Allo stesso modo, Fedorov ha recentemente twittato direttamente a Tether e al suo direttore tecnico, Paolo Ardoino. Nel tweet, il Vice Primo Ministro ha invitato Tether a interrompere qualsiasi transazione con i russi per garantire la pace. Ha anche fatto riferimento al mondo democratico che si è riunito per danneggiare economicamente la Russia. Tuttavia, Tether ha espresso il proprio risentimento per tale decisione. L'organizzazione ha affermato di aderire alle sanzioni economiche internazionali contro la Russia e di non adottare altre misure autonomamente.

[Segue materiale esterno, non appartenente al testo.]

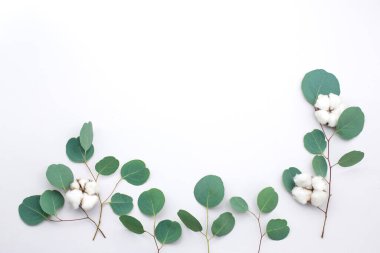 Beyaz arka planda okaliptüs dalları ve pamuktan yapılmış okaliptüs çerçevesi. Düz yerde, üst tarafta. Boşluğu kopyala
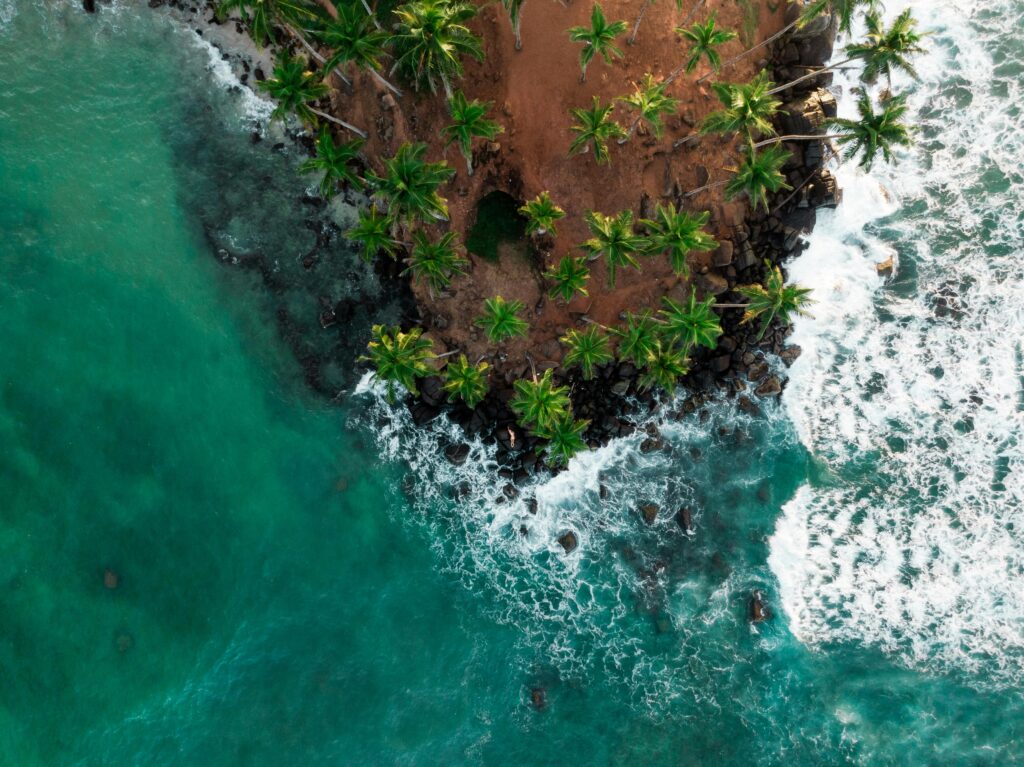 Coconut Tree Hill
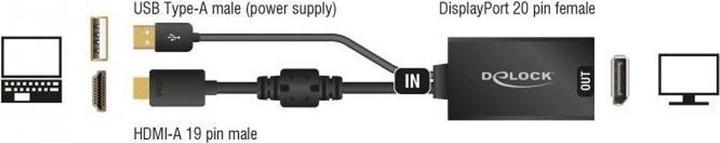 Actual product image Delock HDMI zu (DP, 24.50 cm)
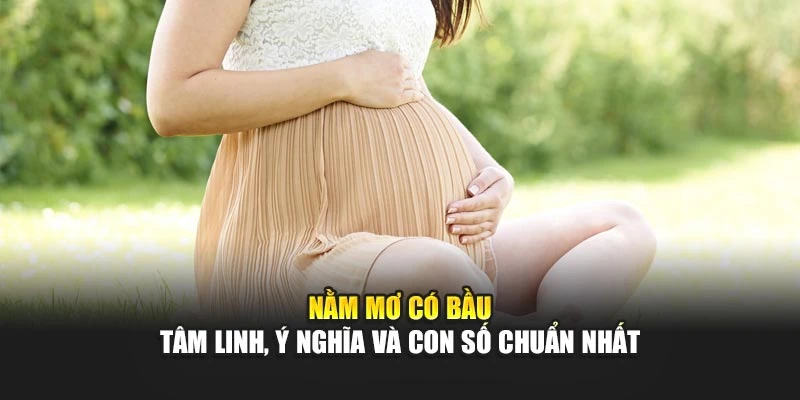 Nằm Mơ Có Bầu - Tâm Linh, Ý Nghĩa và Con Số Chuẩn Nhất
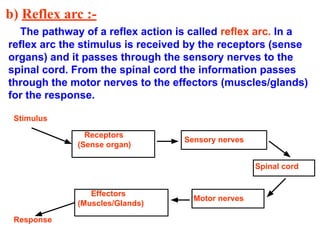 b) Reflex arc :-
The pathway of a reflex action is called reflex arc. In a
reflex arc the stimulus is received by the receptors (sense
organs) and it passes through the sensory nerves to the
spinal cord. From the spinal cord the information passes
through the motor nerves to the effectors (muscles/glands)
for the response.
Stimulus
Response
Receptors
(Sense organ)
Effectors
(Muscles/Glands)
Sensory nerves
Motor nerves
Spinal cord
 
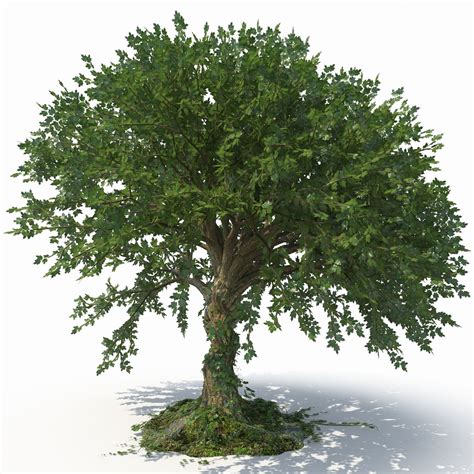 Low Poly Tree Free 3d Model Fbx Free3d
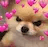 kol_doggo_cute emote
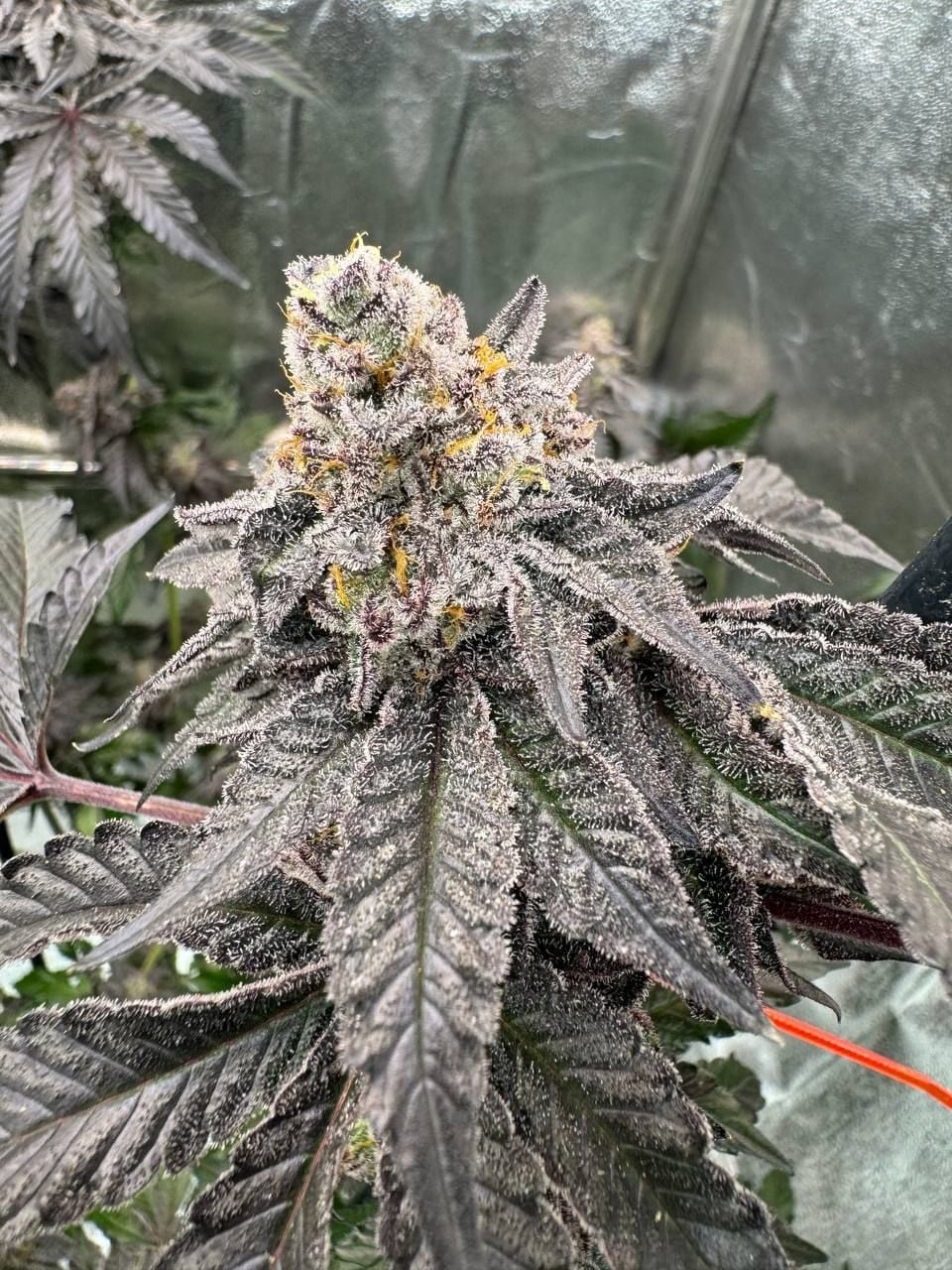 Gary Sherbet von Fast Buds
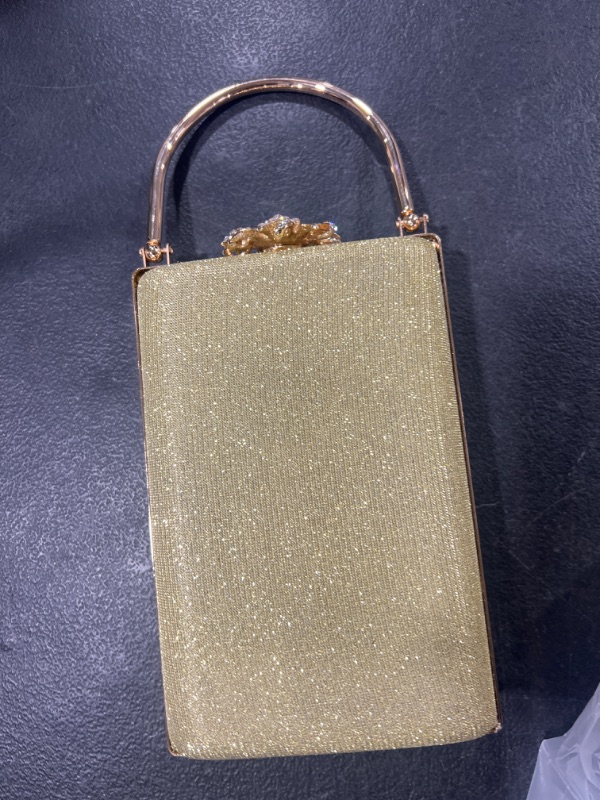 Photo 1 of Mini Clutch Bag 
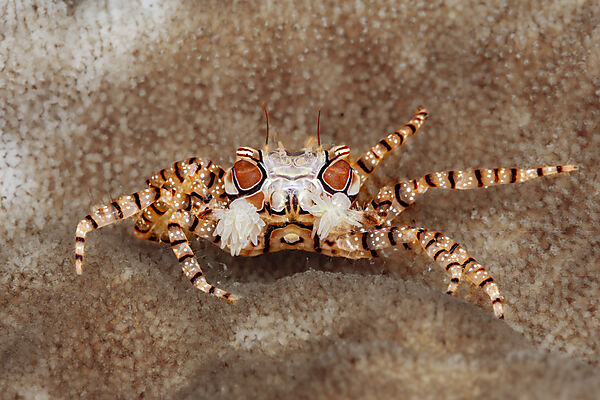 Boxerkrabbe, Pompom-Krabbe, Lybia tessellata, Mabini, Luzon, Philippinensee, Philippinen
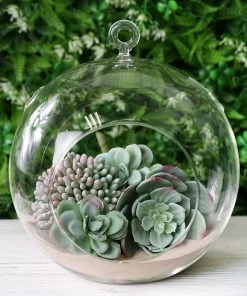 HIER_5200 Set Of 4 | 7" Air Plant Glass Terrarium Globe Hanging Plant Holders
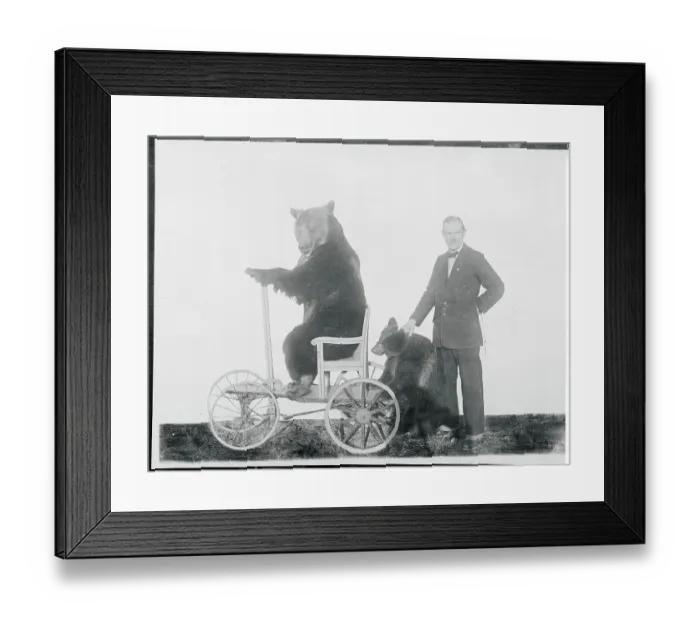 Framed Print : Bears Riding a Go-Cart Framed Print : Bears Riding a Go-Cart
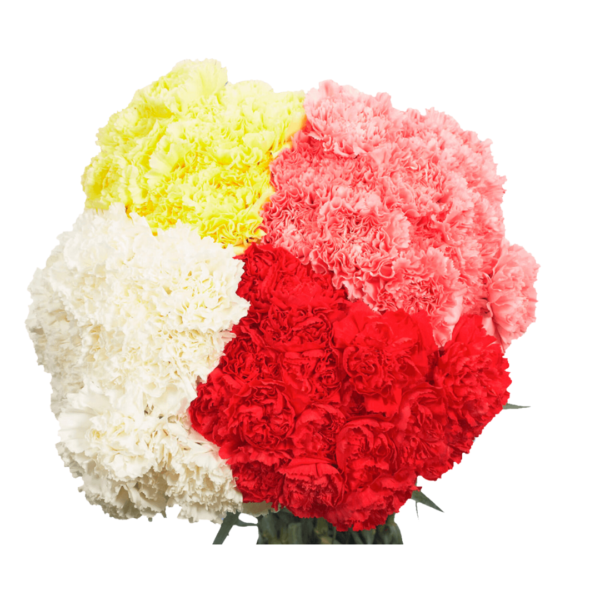 ASSORTED CARNATIONS - Image 4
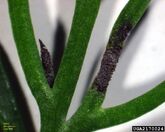 Dill Leaf Blight of Fennel Cercosporidium punctum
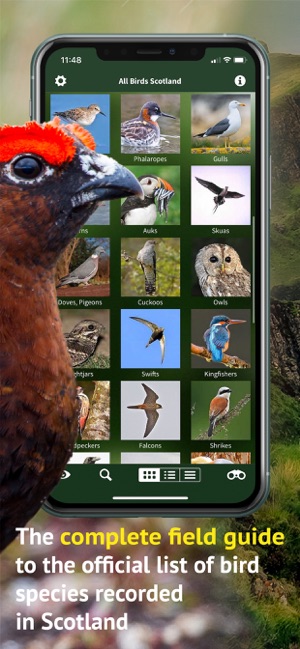 All Birds Scotland Photo Guide(圖2)-速報App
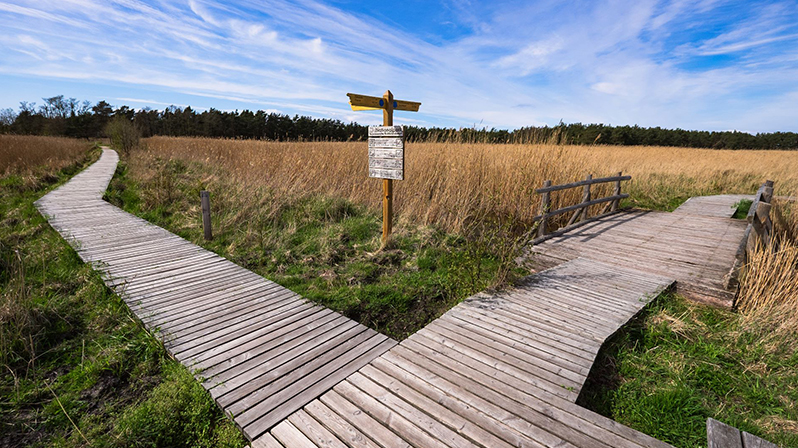 Rundwanderweg Darßer Ort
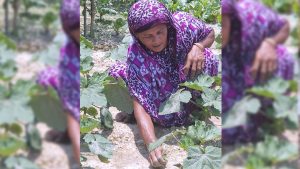 বাড়ির আঙিনায় লাগানো শাকসবজির পরিচর্যা করছেন তাজিনুর বেগম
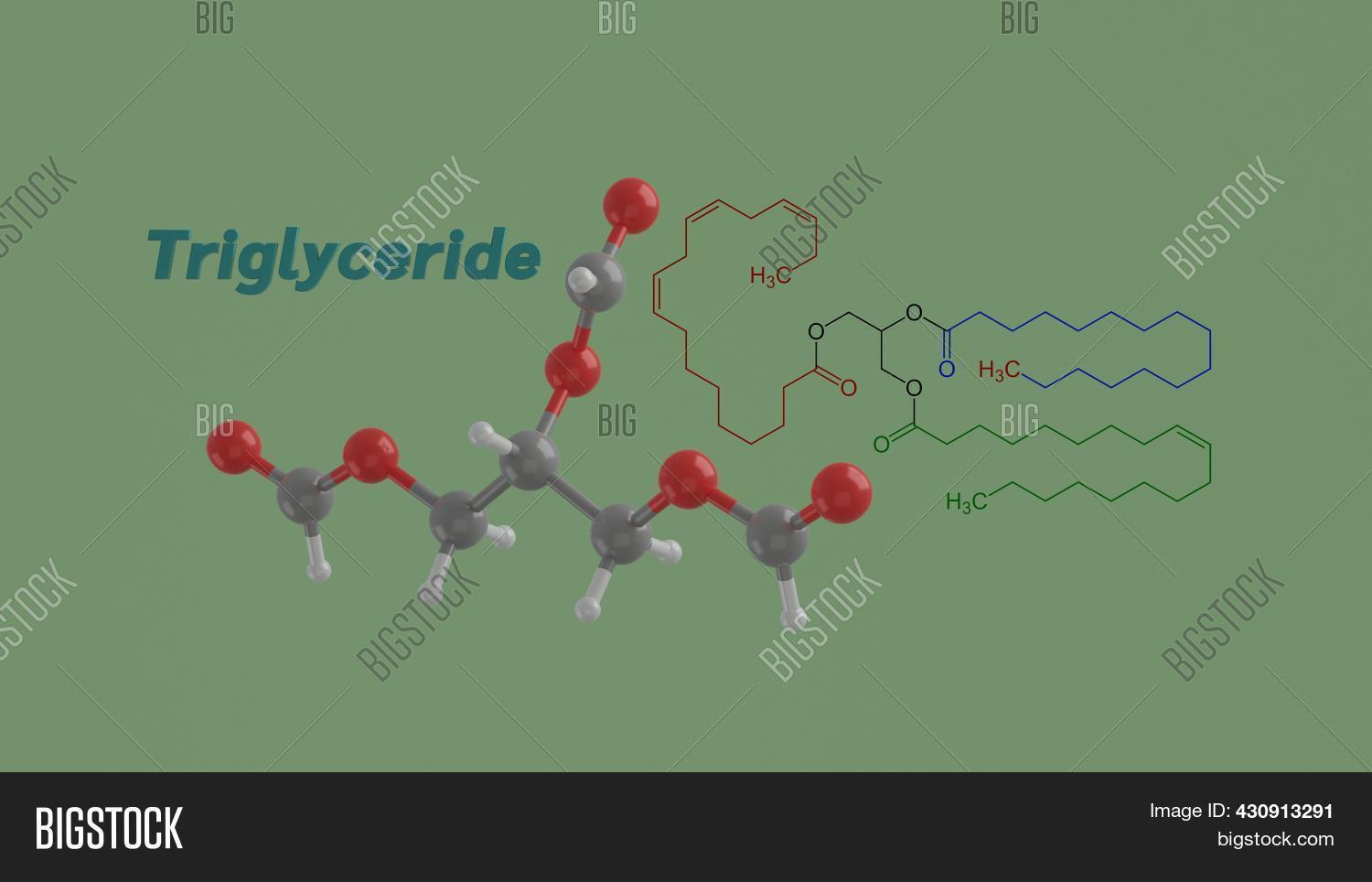 Triglyceride Model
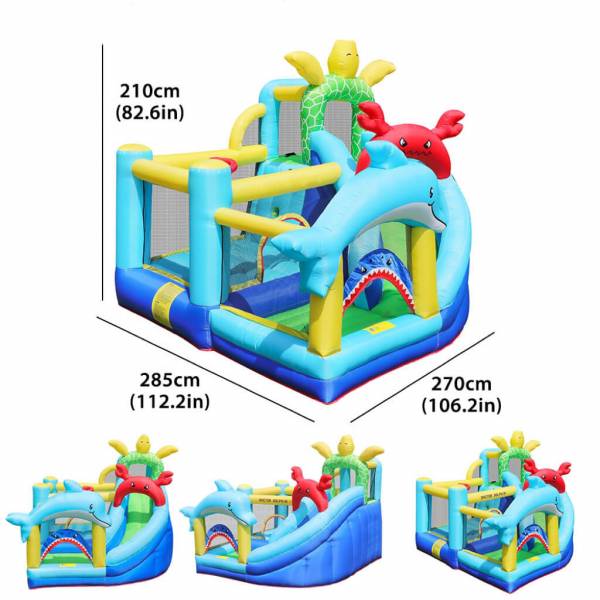 Bouncy Castle / Bubble House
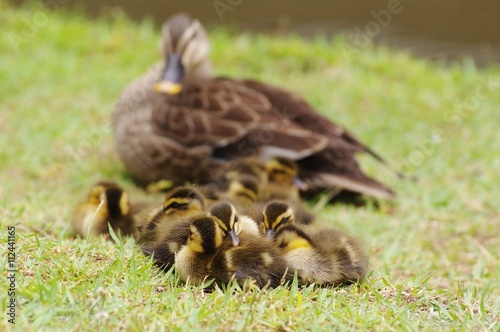 PEACE spot-billed duck　カルガモの兄弟姉妹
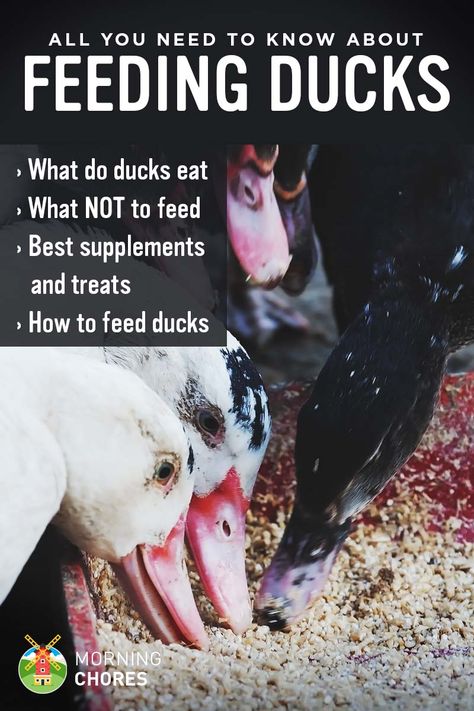 Feeding Ducks - What Do Ducks Eat and What NOT to Feed Duck House Plans, Feeding Ducks, Duck Pens, Duck Feed, Raising Turkeys, Backyard Ducks, Duck Breeds, Duck Coop, Duck Farming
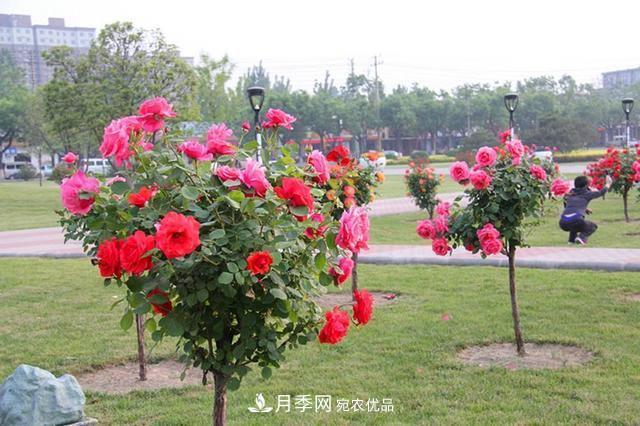 月季樹一年花開200多天，適應(yīng)能力強，適合園林工程和庭院栽種(圖1)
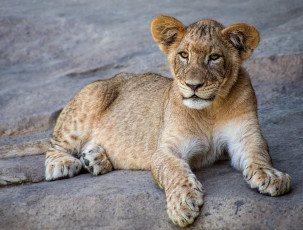 Картинка животные львы львенок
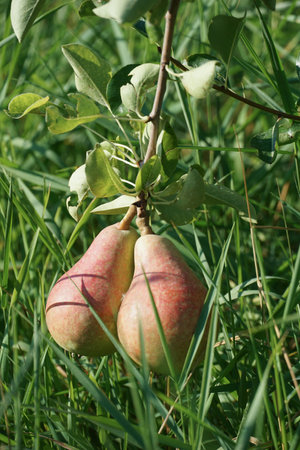 Pears ripening on the pear tree. sunny august morning.の写真素材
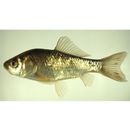 Carassius auratus subsp. 2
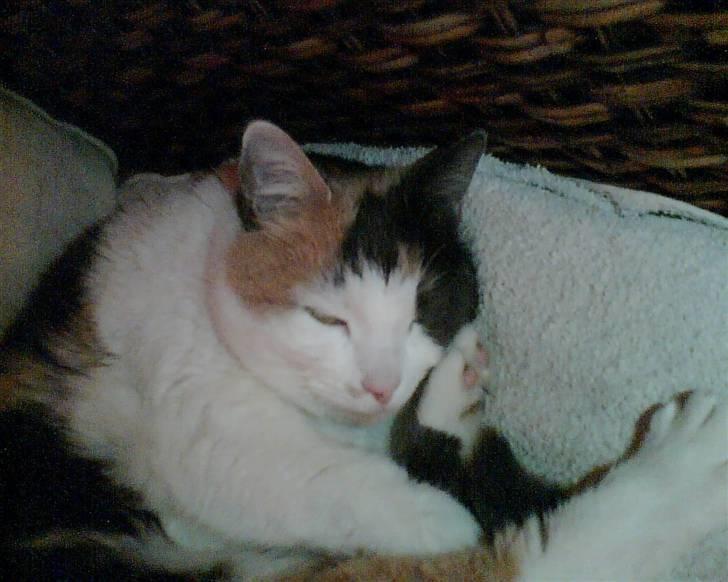 Blanding af racer Bella billede 6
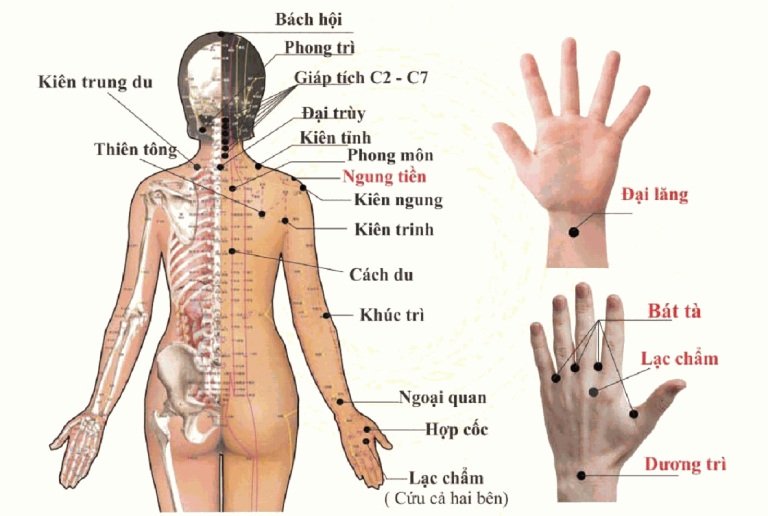 Hướng dẫn thực hiện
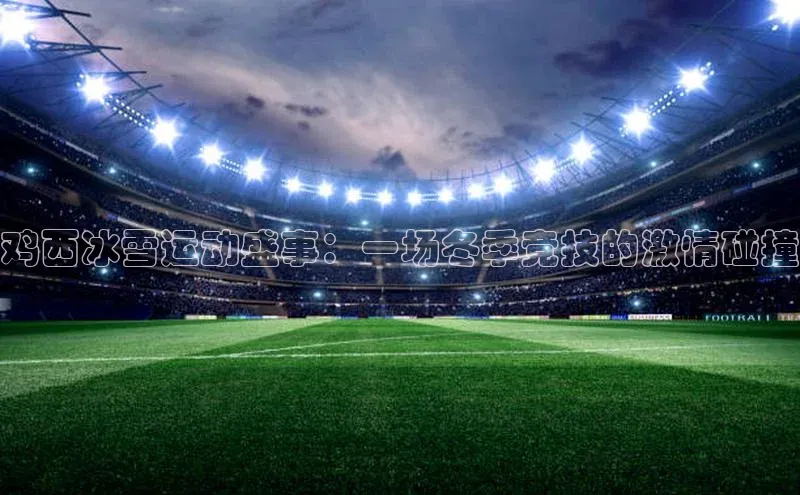 新宝登录app入口手机版颐驰 06鸡西冰雪运动盛事：一场冬季竞技的激情碰撞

In precedenza, Fedorov aveva invitato diverse aziende occidentali a imporre un divieto simile. Aveva anche contattato importanti exchange di criptovalute, come Coinbase, Binance e Kraken, chiedendo loro di interrompere la fornitura di servizi ai loro clienti russi. Ma tutti questi exchange hanno risposto che un simile provvedimento sarebbe stato contrario al concetto fondamentale di criptovalute e blockchain. Pertanto, non hanno intrapreso alcuna azione in tal senso.
La decentralizzazione è una delle caratteristiche più significative del mondo delle criptovalute. Implica che nessuna autorità di regolamentazione o ente governativo abbia alcun controllo su una criptovaluta. Per questo motivo, le richieste di vietare l'accesso agli utenti russi sono state considerate contrarie ai principi del settore crypto. Pertanto, diverse aziende, tra cui Tether, si sono dimostrate riluttanti a intraprendere un'iniziativa del genere.
Le autorità continuano a esaminare Tether
Tether è la stablecoin più popolare e utilizzata nel mondo delle criptovalute . In tutto il mondo, viene utilizzata per collegare valute fiat e criptovalute. Le persone la usano per spostare capitali e acquisire criptovalute, come Bitcoin ed Ethereum . Anche un gran numero di russi svolge attività economiche simili attraverso di essa. Recentemente, anche il denaro confluito nel rublo russo è aumentato significativamente rispetto allo scorso anno. Tether sembra essere l'asset più utilizzato per il trading di criptovalute in Russia.
Questo è principalmente il motivo dell'appello diretto deldent ucraino a Tether. Ciononostante, Tether ha anche diverse altre battaglie da combattere. È da tempo sulla lista nera delle autorità di regolamentazione. Il Procuratore Generale di New York ha intentato causa contro l'azienda, lamentando che mente sulle sue riserve e gioca con i fondi degli utenti. Tuttavia, Tether ha raggiunto un accordo. L'azienda, tuttavia, non ha né ammesso né negato le accuse mosse contro di essa. Diversi esperti hanno anche criticato Tether sostenendo che non è completamente supportato dal dollaro statunitense e che si tratta di una grande farsa.
Tuttavia, resta ancora da vedere come gli esperti o le autorità ucraine risponderanno alla risposta indiretta di Tether. È improbabile che tutto ciò abbia un impatto sull'uso globale di Tether. Tuttavia, ciò indica comunque che il mondo delle criptovalute non è favorevole a divieti sulle criptovalute imposti alla Russia.